ニュース

アドビ、ビジネスプロフェッショナル向けのAIプラットフォーム「Acrobat Studio」を発表

 米Adobeは19日(米国時間)、AIを搭載したプラットフォーム「Adobe Acrobat Studio」を発表した。ビジネスプロフェッショナルをターゲットとして、同日より英語版を世界各国で提供開始する。日本語版は現在準備中だ。

Adobe Acrobat Studio

 アドビ Document Cloud プロダクトマーケティングディレクターの山本晶子氏は、同製品のターゲット層となるビジネスプロフェッショナルについて、「AIの登場や情報過多の中、必要な知識を素早く見つけ、成果を出すというプレッシャーに直面している。
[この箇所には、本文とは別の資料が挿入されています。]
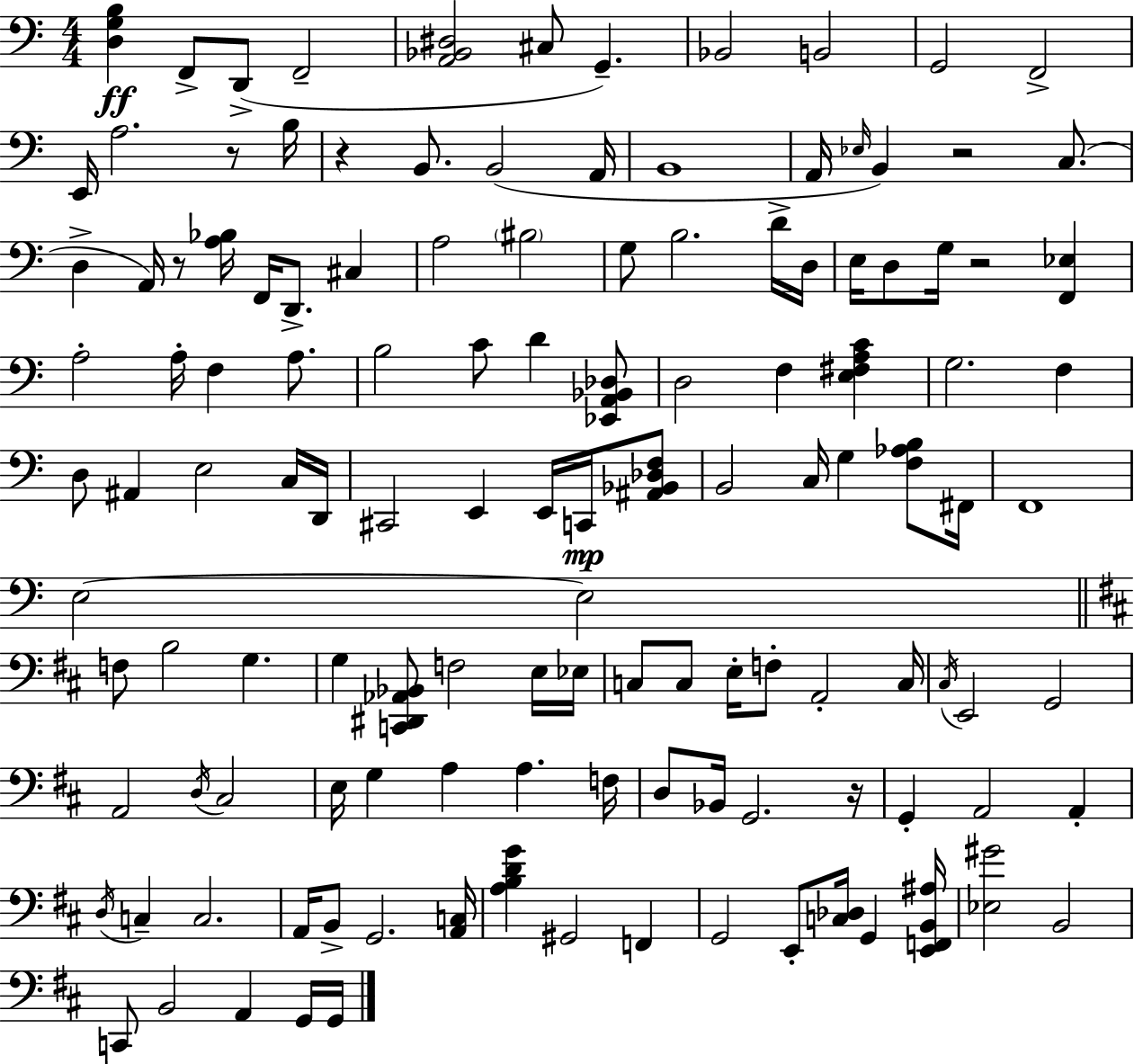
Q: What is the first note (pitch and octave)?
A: F2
また、コミュニケーションやコラボレーションの形態が変化し、役割分担も従来以上に複雑化したことから、広範なスキルが求められるようになった」と話す。

アドビ Document Cloud プロダクトマーケティングディレクター 山本晶子氏

 その一方で、組織としてのビジネスニーズも変化しており、情報や人材、テクノロジーから最大限の価値を引き出す必要があるが、「非構造データが大半を占めアクセスが難しいことや、AIツールの費用対効果が不透明なこと、また予算の制約が厳しくなっていることが進捗を妨げている」と山本氏は指摘する。
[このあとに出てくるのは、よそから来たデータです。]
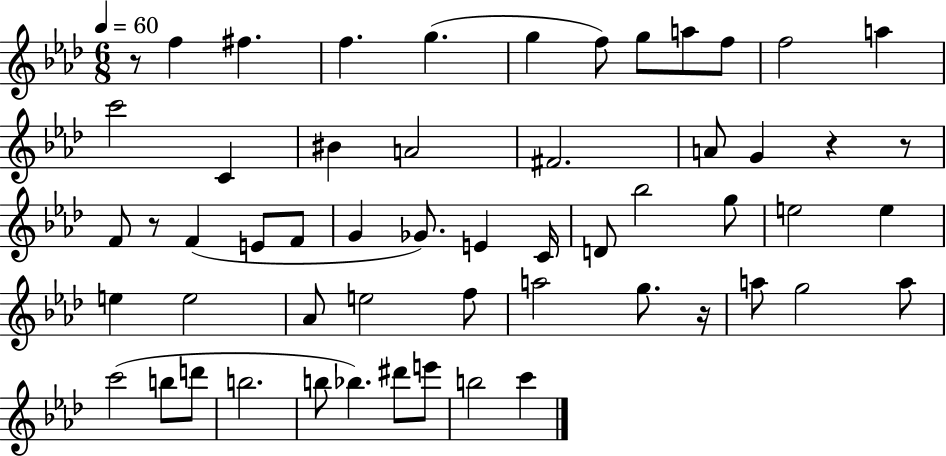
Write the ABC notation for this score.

 特に、非構造データの多くはPDFに蓄積されているが、「膨大な文書から必要な情報を人手で探すのには時間がかかるほか、共有はできても次のアクションに生かしづらい。また、文書の知見をコンテンツに変換し見栄えをよくするまでの流れを、ひとつのツールでは完結できなかった」と、山本氏はこれまでの文書活用の課題を述べ、「こうした課題を解決するために、文書作成から共有、レビュー、デザイン強化までを一貫して実施できるAcrobat Studioを開発した」と語った。

変化するビジネスニーズ

 Acrobat Studioには、PDF Spacesというワークスペース機能が用意されている。このPDF Spacesでは、保存されたファイルやWebサイトを対話型ナレッジハブに変換可能。またPDF Spaces内のAIアシスタントには、「インストラクター」「アナリスト」「エンターテイナー」といった特定の役割を割り当てることができ、例えばインストラクターの役割を持ったAIアシスタントは、教師が生徒に説明するようなスタイルで情報を提示する。加えて、ユーザーが自身のニーズに合わせて、新たに定義した役割をAIアシスタントに付与することも可能で、パーソナライズされたAIアシスタントも含め、チームメンバーや顧客らとの共有にも対応した。

 PDF Spacesの対応フォーマットは、PDF、DOCX、PPTX、TXT、RTF、XLSX、VTTなど。WebのURLや、コピーされたテキストのほか、クラウドファイルとしてはAdobeクラウドストレージ、Box、Dropbox、Google Drive、OneDriveに対応する。ただし、音声や動画ファイルには現時点では対応していない。

 また、Acrobat Studioには、クリエイターでなくてもビジネスプロフェッショナルが見栄えのよいコンテンツを容易に作成できるよう、Adobe Expressも搭載されている。Acrobat Studioでは、Adobe Expressプレミアムプランの全機能が利用でき、プロがデザインしたテンプレートやブランドキットのほか、「テキストから動画生成」や「テキストから画像生成」などのAdobe Firefly搭載ツールも利用可能だ。

 山本氏は、「アドビのビジョンは、膨大なナレッジが眠っているPDFなどの文書を、ビジネスプロフェッショナルが効率的に活用して新しく魅力的なものを作り出し、最終成果物にするまでの過程をシームレスにインテグレーションすることだ」と述べている。

Acrobat Studioの機能

Acrobat Studioは、14日間の無料トライアルで、PDF SpacesやAcrobat AIアシスタント、Adobe Expressプレミアム機能が無制限に利用できる。早期アクセス価格は、個人向けが月額24.99ドル、チーム向けが月額29.99ドルとなる。